Fabrication of the microneedle mold

Commercial Derma stamp (Larcobaleno, Seoul, South Korea) was used as a master stamp for microneedle array production. The microneedles were designed with a height of 1000 µm (base width of 2000 µm and tip radius of 10 µm). PDMS (Sylgard 184; Dow Corning, Midland, MI, USA) prepared by mixing elastomer and curing agent in a ratio of 10: 1 was poured onto a master stamp. The molds were cured at 50 °C for 2 h. The PDMS mold was then separated from the stamp10,11,42.

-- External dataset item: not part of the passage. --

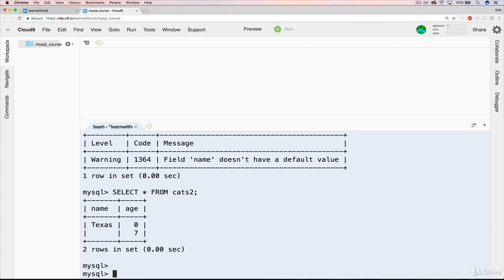And this is an empty string. So there's a difference. Null means that there is no value at all. We didn't specify. Empty string is just a type of a varchar that just has nothing in it. So you can think of it as this, basically. OK. So next, we'll talk about how we specify these default values.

Fabrication of microneedles

Rhodamine B (20 mg; >98% pure; Acros-Organics, Geel, Belgium), a water-soluble red fluorescent dye, was mixed in the HA solution. Subsequently, the HA solution (1 mL) mixed with rhodamine B was cast over the PDMS mold, and the mold was vacuum-treated for 5 min. Then, the remaining solution (1.5 mL) was cast and dried in an oven (ThermoStable ON-105; DAIHAN Scientific) for 6 h. After solidification, the HA microneedle patch was separated from the PDMS mold.

Ultrasound stimulation

Ultrasonic functions comprised 1.7 million micro-vibrations per second. The ultrasound gel (Ecosonic, SANIPIA, Republic of Korea) was applied between the transducer and gelatin to improve acoustic impedance matching.

Electrical stimulation

For the electrode in the electrical stimulation experiment, the in vitro IP system consisted of a sine wave pulse generator and a caliper electrode. The caliper electrode consisted of two plate electrodes, one with a silver paste on the microneedle patch backplate and the other with an aluminum foil under the gel. The positive electrode was always applied to the microneedle patch. The gap (3 mm) between the two electrodes was filled with gel.

In vitro drug release

Gelatin hydrogel (10 wt%; Sigma Aldrich, gel strength ~300 g Bloom, Type A) derived from porcine skin was used as the model tissue for the drug release studies11,43. The polymer membrane (Parafilm M, American National Can, Chicago, IL) was pierced with microneedles and placed on the hydrogel surface. At each timestamp, the microneedle patch was detached from the hydrogel to stop drug release. To separate the drug and the drug-diffused gelatin, the gel was dipped in a decolorizing solution (methanol:DI:acetic acid, 5:4:0.5) for ~6 h. The absorbance of the decolorized gelatin gel solution was measured.

Statistical analysis

All statistical data were analyzed by Student’s t-test for statistical significance.